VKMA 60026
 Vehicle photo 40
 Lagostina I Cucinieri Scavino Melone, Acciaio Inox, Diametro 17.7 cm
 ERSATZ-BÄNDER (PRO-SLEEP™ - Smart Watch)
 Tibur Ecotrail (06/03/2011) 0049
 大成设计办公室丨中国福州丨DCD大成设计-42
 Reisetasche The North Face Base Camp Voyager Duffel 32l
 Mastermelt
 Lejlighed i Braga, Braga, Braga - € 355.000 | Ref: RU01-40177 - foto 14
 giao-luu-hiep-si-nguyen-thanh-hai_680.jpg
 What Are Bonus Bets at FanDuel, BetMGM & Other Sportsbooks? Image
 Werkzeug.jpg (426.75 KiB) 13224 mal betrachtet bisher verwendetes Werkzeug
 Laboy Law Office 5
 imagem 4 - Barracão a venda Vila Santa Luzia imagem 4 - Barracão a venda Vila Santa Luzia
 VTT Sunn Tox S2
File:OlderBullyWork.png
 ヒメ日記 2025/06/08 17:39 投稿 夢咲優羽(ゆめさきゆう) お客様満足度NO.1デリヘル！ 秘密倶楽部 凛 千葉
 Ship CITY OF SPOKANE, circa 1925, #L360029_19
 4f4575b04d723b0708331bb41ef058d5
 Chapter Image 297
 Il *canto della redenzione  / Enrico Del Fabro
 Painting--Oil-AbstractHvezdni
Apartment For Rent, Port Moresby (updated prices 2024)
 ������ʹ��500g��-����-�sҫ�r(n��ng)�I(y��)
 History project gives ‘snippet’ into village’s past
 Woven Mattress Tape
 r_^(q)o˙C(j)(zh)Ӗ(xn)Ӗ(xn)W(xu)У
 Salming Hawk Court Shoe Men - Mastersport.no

# Your objective
An exact copy is needed of the lines from the one containing "History project gives" through the end of the records.

# Output for this exercise
 History project gives ‘snippet’ into village’s past
 Woven Mattress Tape
 r_^(q)o˙C(j)(zh)Ӗ(xn)Ӗ(xn)W(xu)У
 Salming Hawk Court Shoe Men - Mastersport.no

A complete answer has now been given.